There are a couple of reasons for the global “obscurity” of Turkish literature. Some of them relate to works while others concern translators and publishers. Literary value and representativeness are what should be taken into consideration in the first place regarding the works to be translated into other languages. Perhaps, the relatively high circulation of works with low literary values affects the image of Turkish literature adversely, dissuading foreign publishers and editors from looking for other works in Turkish literature. On the other hand, while publishing a work certainly constitutes an opportunity, a translation that fails to reach or at least inform its target audience should not be expected to create the synergy globally as it is supposed to do so. At this point, publishing sample passages translated from a work or an author in literary journals in advance would prove effective in promoting the author. Considering all these points, I believe there is a great need for a semi-academic English-language journal, specialized in Turkish literature, to be published in the UK and/or the US. Such a journal would give editors all around the globe to follow up developments, trends and representations in Turkish literature. After a translated work is published, it should not be left to its own devices, but promoted through various face-to-face and online events to be organized in target countries.
Translators play a critical role in having a high-quality translated work in the end. Qualified literary translators are hard to raise. Most of the time, a translator is the main selling point for a work. In this regard, the Turkology chairs abroad have great roles to play. Indeed, many translators come from Turkology departments. Events that would bring translators who were brought up here and the translators who translate works into Turkish together will enrich experiences of both sides. Programs that are similar to the mentoring programs organized by the American Literary Translators Association (ALTA) may be organized for literary translation from(/to) Turkish as well. In this way, experienced translators may have the chance to share their experiences with budding translators.
The identity of the publishers is also important.

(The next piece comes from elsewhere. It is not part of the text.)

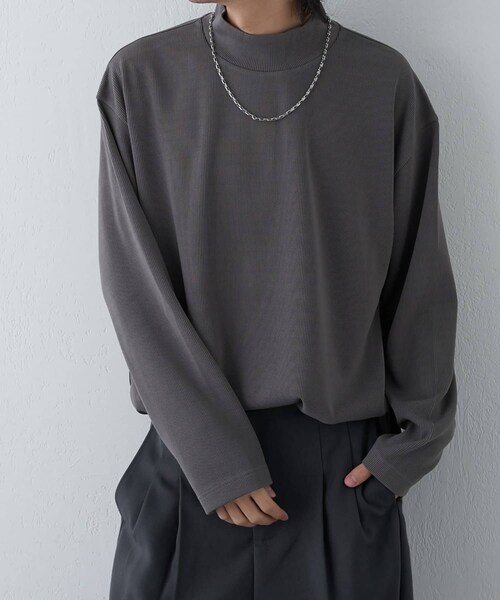 COLONY 2139（コロニートゥーワンスリーナイン）の「【8.19(土)12:00販売 】ドレープリブ長袖ハイネック（Tシャツ/カットソー・メンズ・ホワイト/グレー/ブラック・M/L）」の3枚目の写真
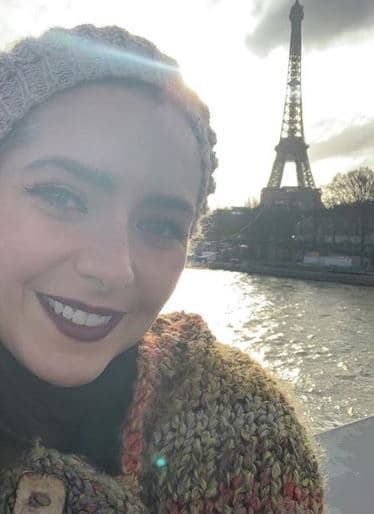 Ariadne Díaz se encuentra de vacaciones en París, Francia.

The selected publishing house may be large or boutique, but it must have a certain audience. Books should be examined through a strict editing process. We found numerous grammar, spelling and stylistic errors in many translated works we had examined during the Arabic/Turkish literary translation workshops we had organized. This implied that the cases we examined had not gone through any editing process. In the same vein, some of the important works we had examined had been published by unlicensed publishing houses. Moreover, we had heard interesting “stories” from the translators who had worked with such publishing houses.
In short, although significant progress has been made in the international expansion of Turkish literature, there are still huge things to do in order to boost its global visibility.
Mehmet Hakkı Suçin is a professor of Arabic literature & literary translator.